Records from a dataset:
****************

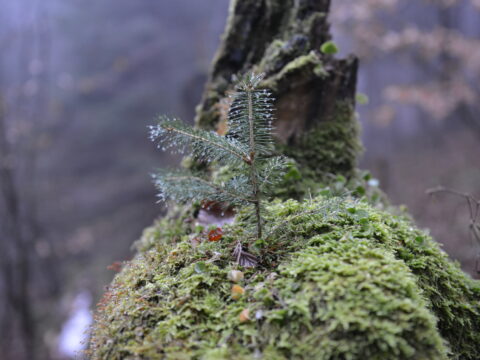 mladý stromček_ilustračná snímka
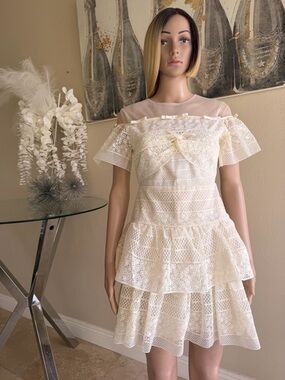 Sheer Lace Tiered Mini Dress in Ivory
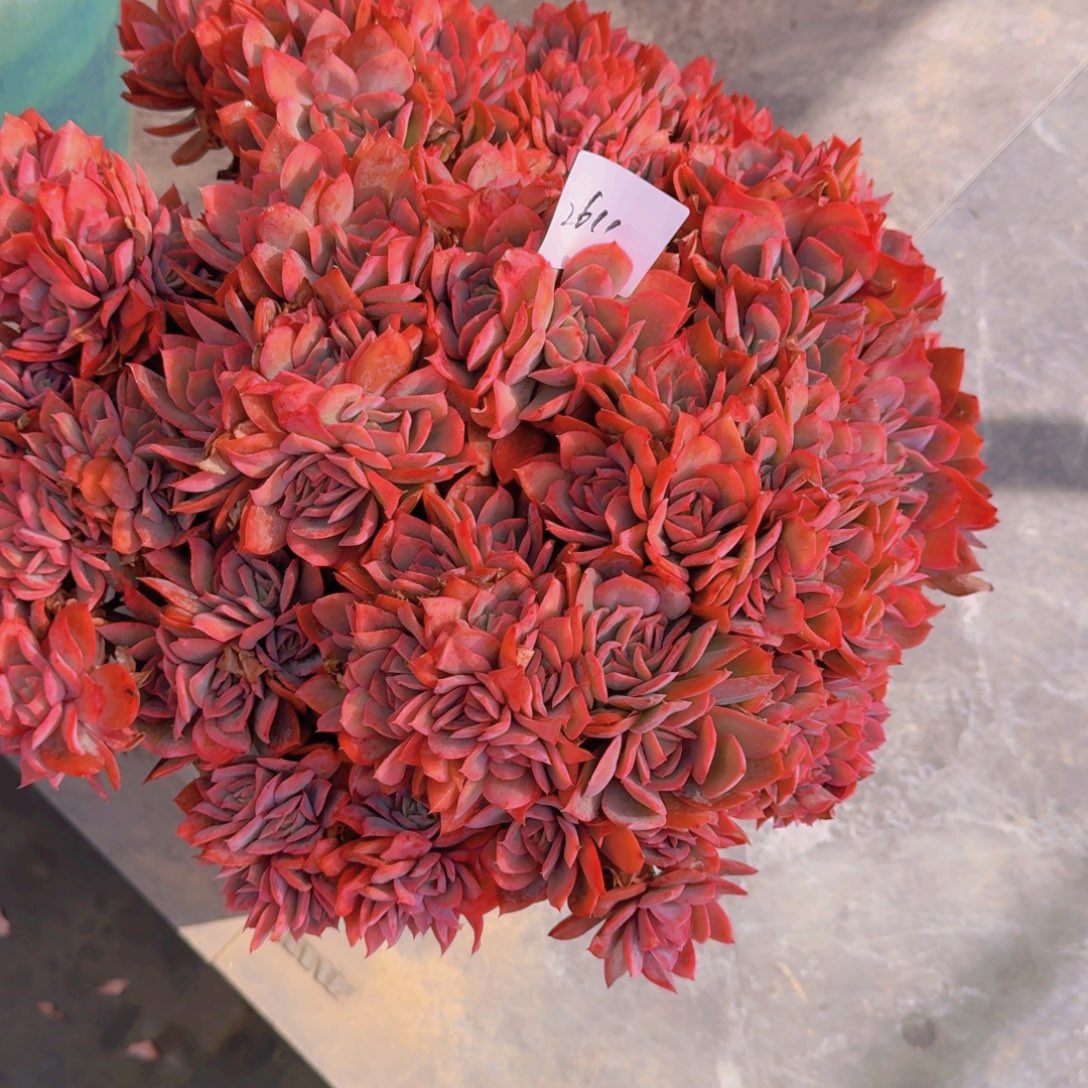 2611奇罗多肉物流到付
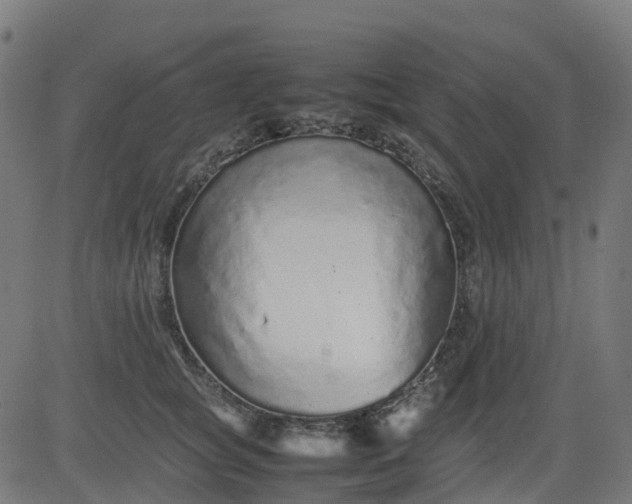 X0000082740757200702091903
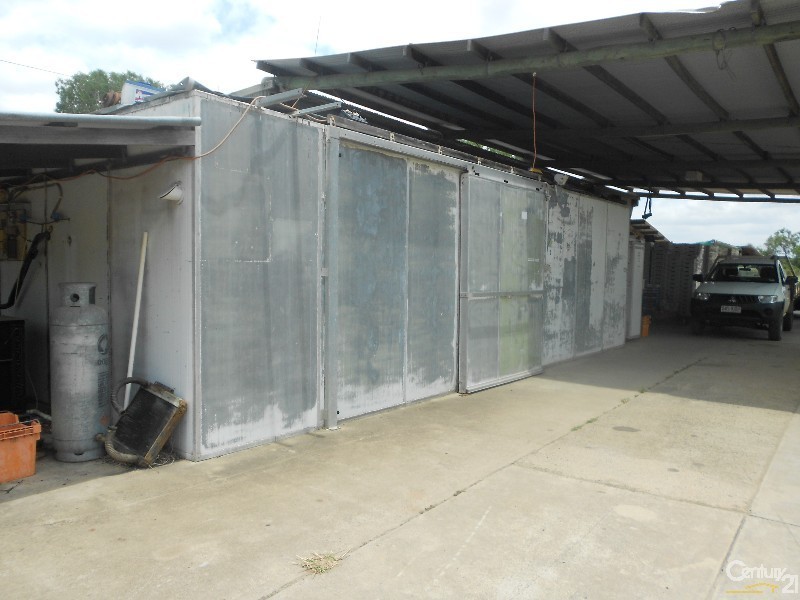 564 South Yaamba Road, Alton Downs QLD 4702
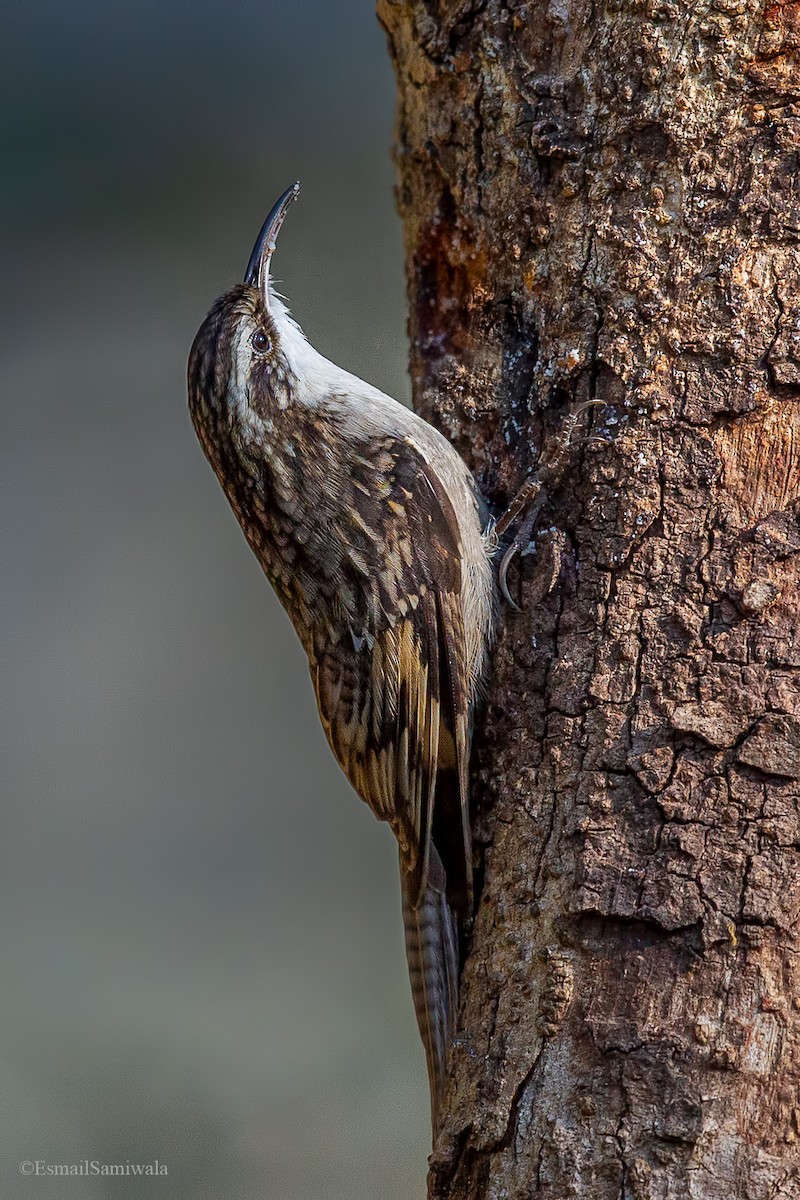 Bar-tailed Treecreeper - Esmail Samiwala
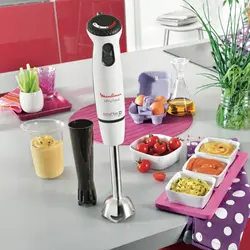 گوشت کوب برقی مولینکس مدل DD86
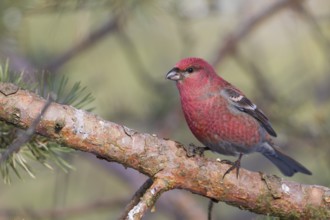 Pine Grosbeak - Hakengimpel - Pinicola enucleator, Finland, adult male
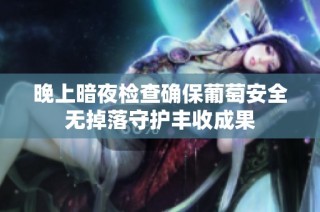 晚上暗夜检查确保葡萄安全无掉落守护丰收成果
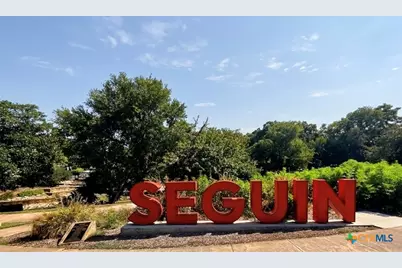 308 S Erkel Avenue, Seguin, TX 78155 - Photo 47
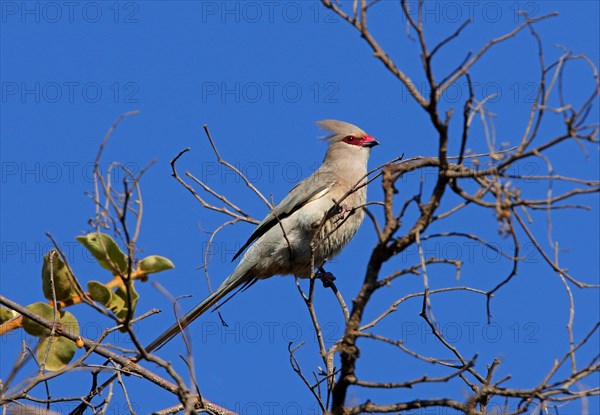 Blue-naped Mousebird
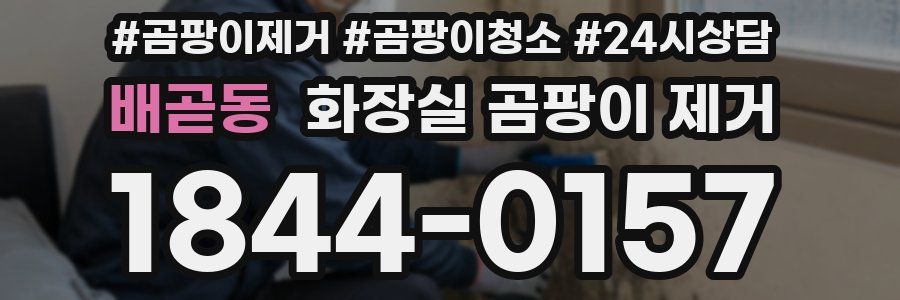 배곧동 화장실 곰팡이 제거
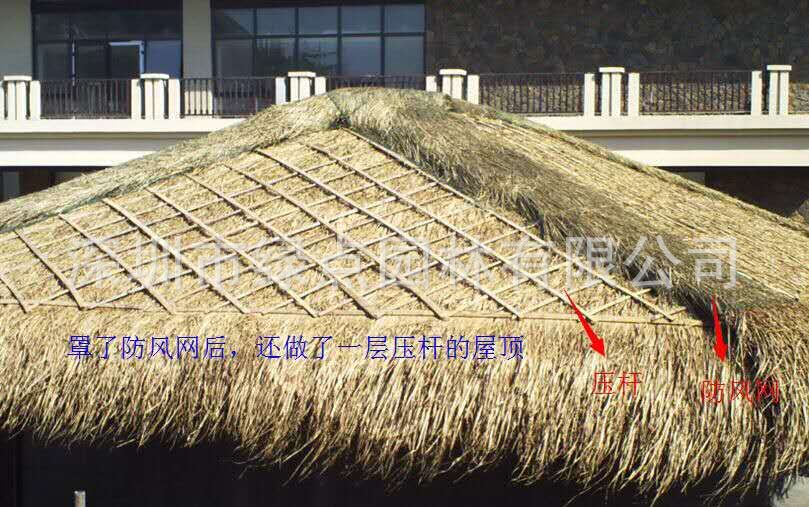 黄茅草屋顶 (6)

****************

# TASK ITEM:
Where the line with "晚上暗夜检查确保葡萄安全无掉落守护丰收成果" appears in the entries above, begin there and restate every line to the end word for word, minus the pictures.

# OUTPUT FOR THIS TASK:
 晚上暗夜检查确保葡萄安全无掉落守护丰收成果
 308 S Erkel Avenue, Seguin, TX 78155 - Photo 47
 Blue-naped Mousebird
 배곧동 화장실 곰팡이 제거
 黄茅草屋顶 (6)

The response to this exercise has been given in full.